Redaction

Use the Symbl.ai Conversations API to identify and redact sensitive information from transcripts. Redacting sensitive data is the process of concealing confidential information using the Conversations API Get messages operation.

For a complete list of entities that can be identified for redaction, see Supported entities.

Authentication

This request requires an access token, as described in Authenticate.

Redaction use cases

You can use redaction in many ways:

  • Maintain compliance and protect consumer data: Anonymize protected information and store redacted versions of transcripts containing sensitive information to achieve and maintain compliance with HIPAA, CCPA, GDPR, and PCI SSC.
  • Automate workflows: Automatically remove privileged or confidential information from documents and route the information to secure areas without unnecessary human exposure.
  • Employee training: Enable re-use of real world samples with protected data redacted.

Types of redacted output

The general types of information covered by redaction include:

  • Personal Identifiable Information (PII) entities: Names, ages, birthdays, social security numbers, and driver’s license numbers.
  • Payment Card Industry (PCI) entities: Bank accounts, routing numbers, credit card numbers, expiration dates, and credit card verification values (CVVs).
  • Protected Health Information (PHI) entities: Health conditions, blood groups, injuries, and medical statistics.
  • General entities: Events, file names, times, and URLs.

Redaction helps you reach standards compliance, such as:

  • Payment Card Industry Security Standards Council (PCI SSC).
  • Health Insurance Portability and Accountability Act (HIPAA).
  • General Data Protection Regulation (GDPR).
  • California Consumer Privacy Act (CCPA).

For a complete list of entities that can be identified for redaction, see Supported entities.

Get redacted transcripts

This section describes how to get a redacted transcript from a conversation.
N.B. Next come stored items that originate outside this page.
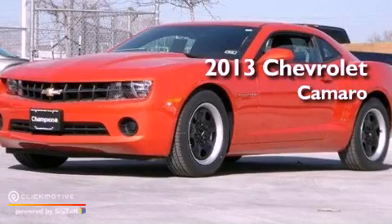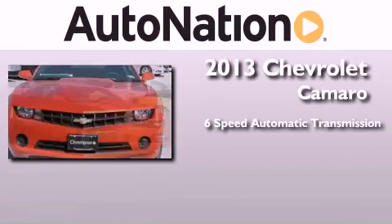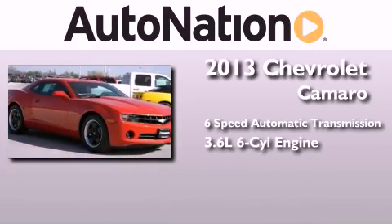This is a brand new 2013 Chevrolet Camaro. This car has a 6-speed automatic transmission and a 3.6 liter V6.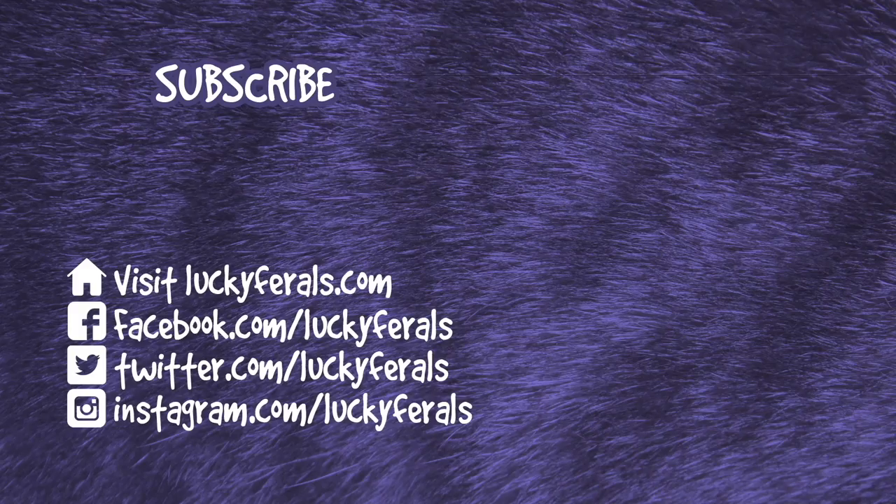Thank you for watching this Lucky Ferrells video. If you enjoyed it, please give it a thumbs up. Please subscribe if you'd like me to post more videos, and please make sure to check out these other videos that were selected especially for you.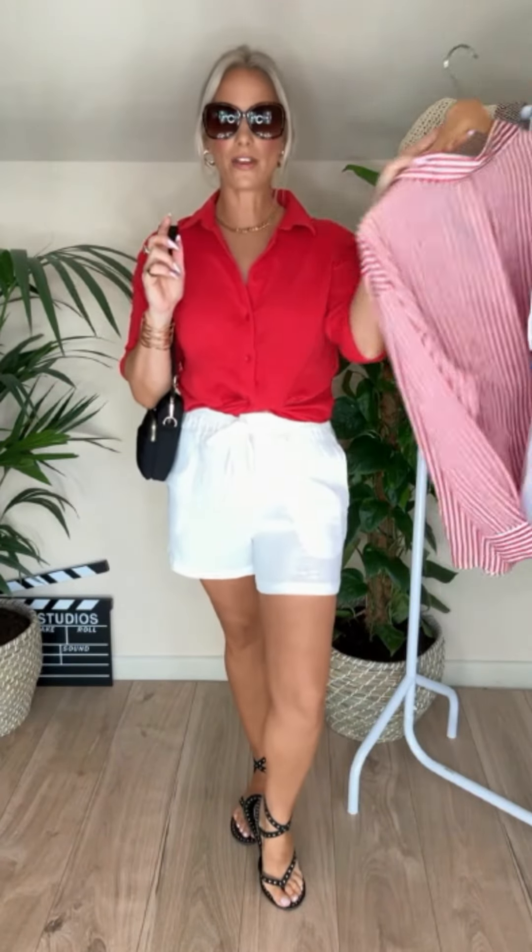It's all about cheesecloth this summer — tied at the front and you have a completely different look. This is a gorgeous woven belt, creating just that little bit of shape around the waist. For daytime, you've just got a nice little cheesecloth shirt that makes you feel nice and cool.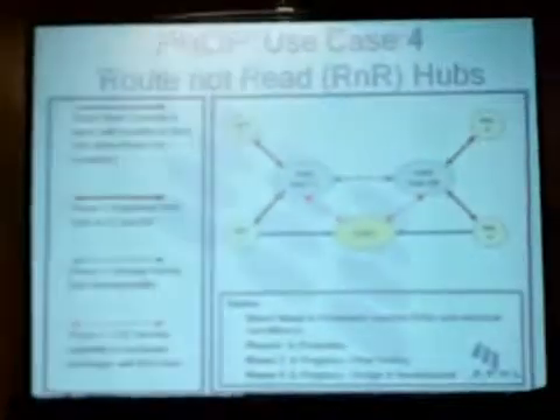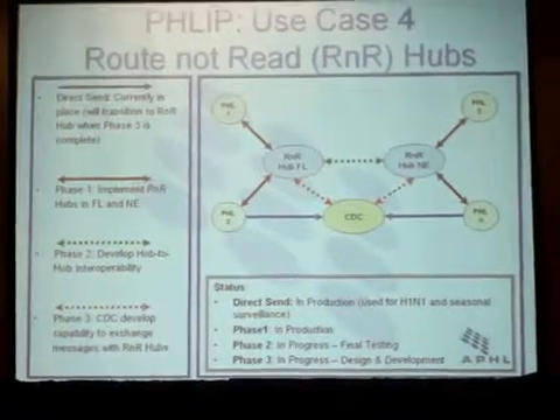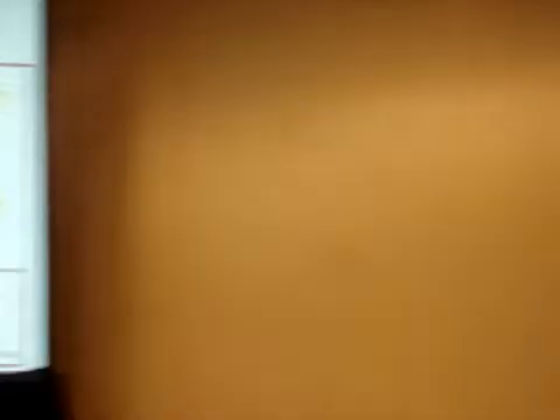FLIP has several use cases, one of them being the Route Not Read hub. The different phases of the overall project: Phase 1 was to implement the hubs in Nebraska and Florida — complete. Phase 2 was to develop hub-to-hub interoperability — complete. Phase 3 was for the CDC to develop capability to exchange messages with the R&R hubs — and as of last month, complete. It's been a success, and I'm very proud to stand here and state that.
This request requires a conversation ID. You receive a conversation ID when you process a conversation with the Symbl.ai APIs.

After processing a conversation, you need to generate a redacted transcript using the Conversations API Get messages operation with the redact=true parameter.

Note: Redaction is unavailable in the streaming API, meaning that messages will not be redacted in streaming API response. However, it is possible to obtain redacted transcripts of streamed conversations by using the conversation API.

To get redacted content, use the following operation:

GET https://api.symbl.ai/v1/conversations/{conversationId}/messages?redact=true

To complete this request from the API reference, see Get messages.

Apply redaction to conversation insights

This section describes how to get insights generated from conversation APIs redacted. Redaction for conversation insights is supported for formatted transcript, summary, trackers, bookmarks, action-items, follow-ups, questions, and topics. To generate redacted insights from the Conversations APIs, add the redact=true parameter in the request. You can also set redaction for all insights by default by updating the user redaction settings. To update your redaction settings, see settings for redaction

For example, to get redacted summary content, use the following operation:

GET https://api.symbl.ai/v1/conversations/{conversationId}/summary?redact=true

Redacted output options

You can change the characters to display in place of redacted output. Use the Management API User settings to customize output options, briefly described here. For details, see Settings for redaction.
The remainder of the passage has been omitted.